The chapter begins with a brief introduction to sea cucumbers, sea cucumber fisheries, ways in which holothuroids are exploited, and the impacts that this exploitation has on their conservation status. It then explores the scale of sea cucumber crime, drivers of this wildlife crime, challenges relating to monitoring and enforcing regulations, and the often inadequate punishments imposed for violating these regulations.
The chapter then examines crime at each stage of sea cucumber fisheries supply chains:
- Forgery, fraud, and corruption that occurs before fishing begins.
- Political unrest and extortion relating to the negotiation of fisheries regulations and quotas.
- Illegal, unreported, and unregulated fishing/extraction of sea cucumbers; violent and armed robbery relating to sea cucumber catches
- The illegal gathering of wood used in processing.
- Misreporting, underreporting, and failing to report catches.
- The smuggling and laundering of sea cucumbers and associated commodities.
- Fraud and deception at the point of sale.
- Tax evasion and money laundering, with corruption undergirding all of these criminal acts.
The chapter concludes with an examination of the socioeconomic and physical harms of sea cucumber crime.
Chapter 6 - Beyond Beche-de-Mer
This chapter was written by Jean-Francois Hamel (Society for the Exploration and Valuing of the Environment), Annie Mercier (Department of Ocean Sciences, Memorial University), and Teale Phelps Bondaroff. The chapter takes a broad look at the commercial and biotechnological uses of sea cucumbers, in order to understand deeper ties to this marine resource, beyond the traditional dried food items (trepang, beche-de-mer) being sold mainly in Asian markets.
The chapter inventories products derived from and inspired by sea cucumber, including lesser-known food products for human and pet consumption, nonfood products (e.g. cosmetic, nutraceutical, pharmaceutical, and biomedical applications), and biomimetics.
Chapter 7 - Sea Cucumbers in Popular Culture
Written by Teale Phelps Bondaroff, Jean-Francois Hamel, and Annie Mercier, this chapter explores the many ways in which sea cucumbers are appreciated in popular culture. While commercial exploitation and scientific research are at the forefront of interest in sea cucumbers, societal ties with these strange animals often remain underappreciated.

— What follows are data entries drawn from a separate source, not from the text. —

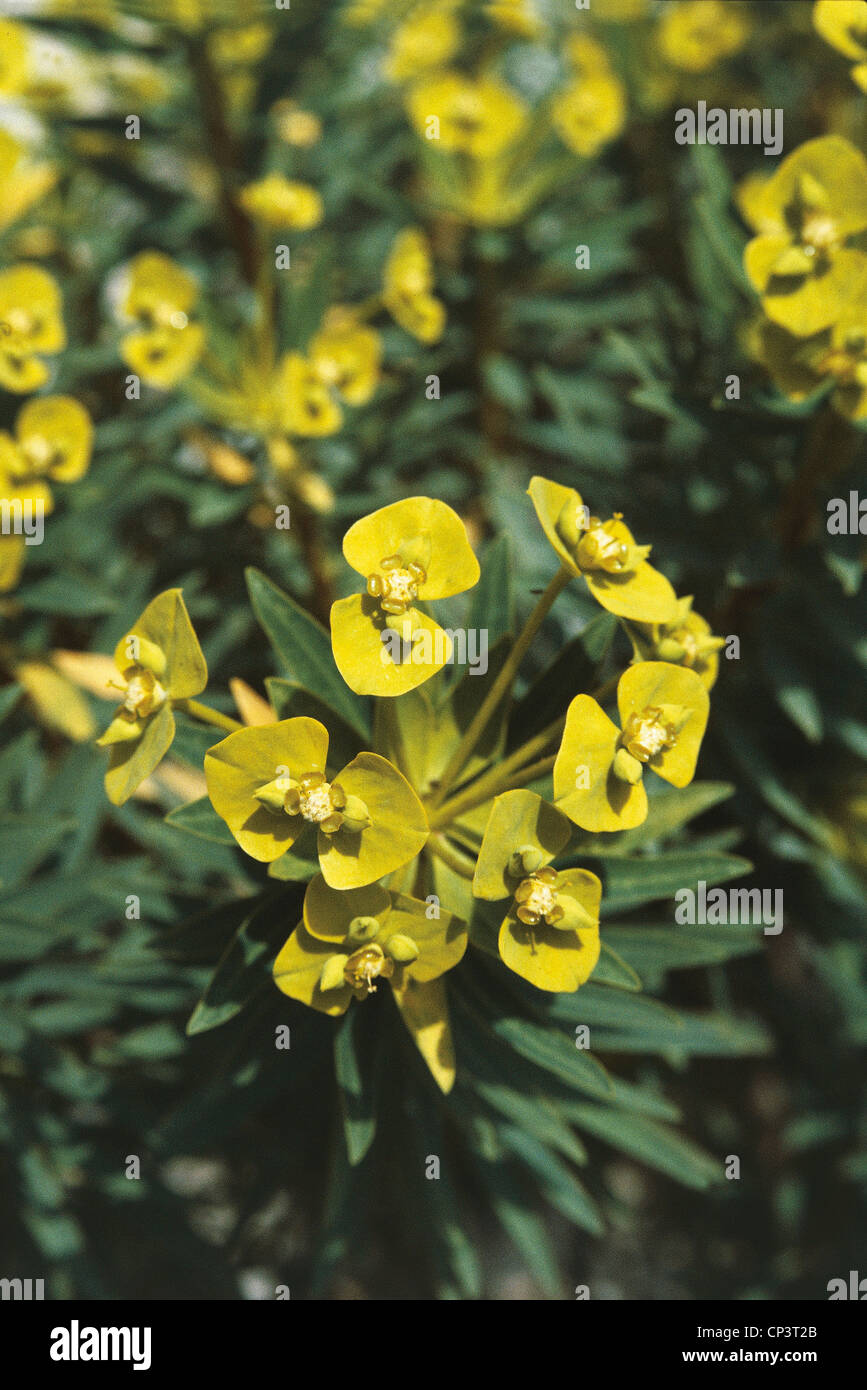 Botany - Euphorbia (Euphorbia dendroides). Lazio, Parco del Circeo. Stock Photo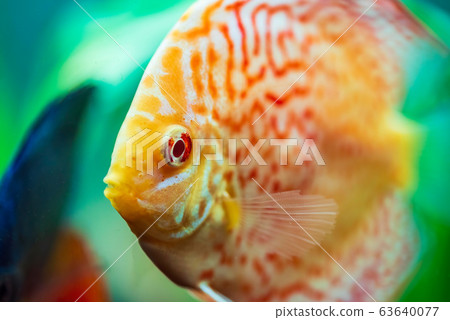 Colorful fish from the spieces Symphysodon discus in aquarium. 63640077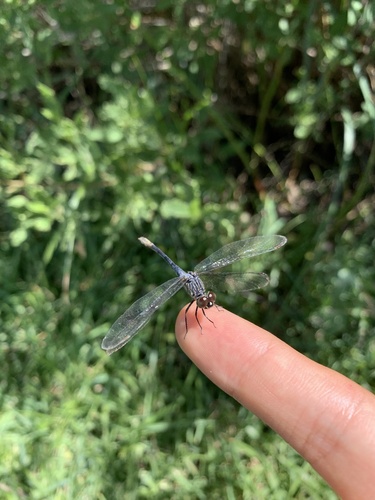 Seaside Dragonlet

A search of a range of media reveals sea cucumbers as mysterious, strange, exotic, comical, and titillating creatures. As a muse to artists, sea cucumbers have inspired eerie experimentation, satirical strains, aggressive punk anthems, and reams of poetry.
In writing, sea cucumbers sometimes serve as a literary device, evoking the liminal and the fantastical, or they may serve to set the scene as exotic or decadent. The alien nature of the sea cucumber has also made them the inspiration for a number of monsters across media. On the rare occasion where they are anthropomorphized, they are seldom portrayed as sympathetic. Sea cucumbers are particularly prominent in anime and manga, serving as the inspiration for a Pokémon.
One major theme across media is the association of the sea cucumber with the phallic, which has the effect of objectifying the sea cucumber. Though they are prevalent in popular culture, general familiarity with sea cucumbers remains low, such that those introducing them often feel the need to explain that they are not vegetables/plants.
Despite this general lack of awareness, sea cucumbers have inspired a range of commercial products, and publishing companies, record labels, and even the official language of Vanuatu, have been named after sea cucumbers. Examining how sea cucumbers are framed and portrayed in popular culture sheds light on our collective understanding of these echinoderms.
Our work on sea cucumber crime is ongoing. Our Research Team is currently investigating the scale of crime in Canadian sea cucumber fisheries and looking at hotspots for this form of wildlife crime around the world!